■ Listed entries:
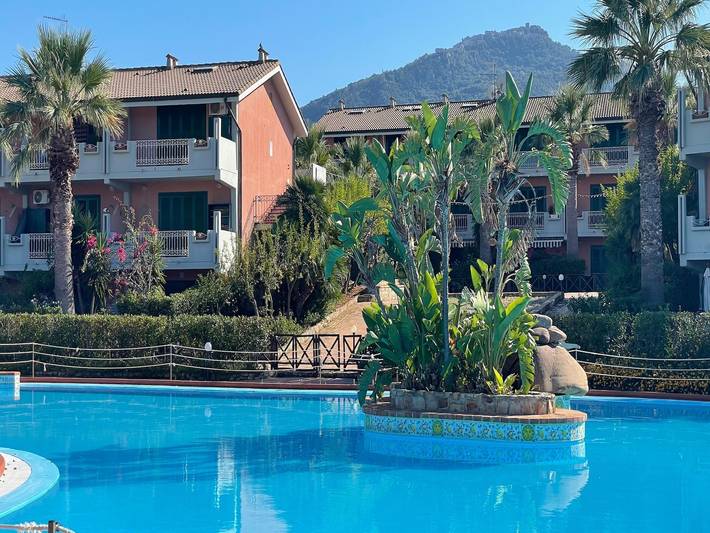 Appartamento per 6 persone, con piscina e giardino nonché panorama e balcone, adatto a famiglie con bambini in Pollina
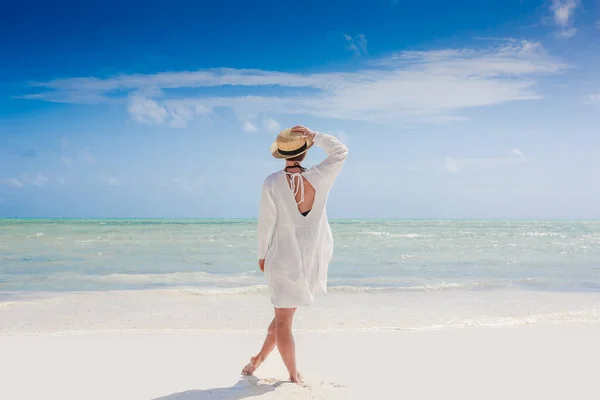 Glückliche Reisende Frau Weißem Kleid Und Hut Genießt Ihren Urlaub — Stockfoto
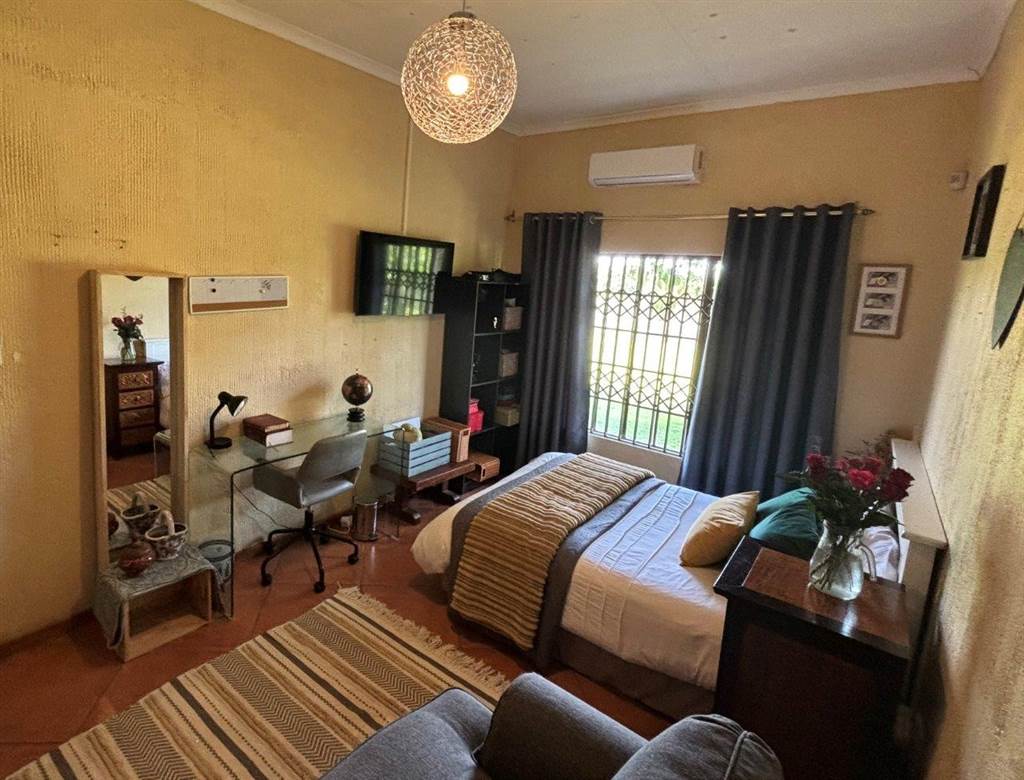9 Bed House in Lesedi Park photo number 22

==

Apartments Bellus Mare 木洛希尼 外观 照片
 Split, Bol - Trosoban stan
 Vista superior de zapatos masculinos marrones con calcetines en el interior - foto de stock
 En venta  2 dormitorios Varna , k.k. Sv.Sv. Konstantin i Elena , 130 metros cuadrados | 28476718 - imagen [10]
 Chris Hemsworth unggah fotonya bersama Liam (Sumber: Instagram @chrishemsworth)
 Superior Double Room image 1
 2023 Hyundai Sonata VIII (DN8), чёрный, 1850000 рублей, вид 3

■ Work to be completed: Every line from the line containing "Superior Double Room image 1" through the line containing "2023 Hyundai Sonata" in the records above must be retyped exactly. Leave out the rest.

■ Response for this exercise:
 Superior Double Room image 1
 2023 Hyundai Sonata VIII (DN8), чёрный, 1850000 рублей, вид 3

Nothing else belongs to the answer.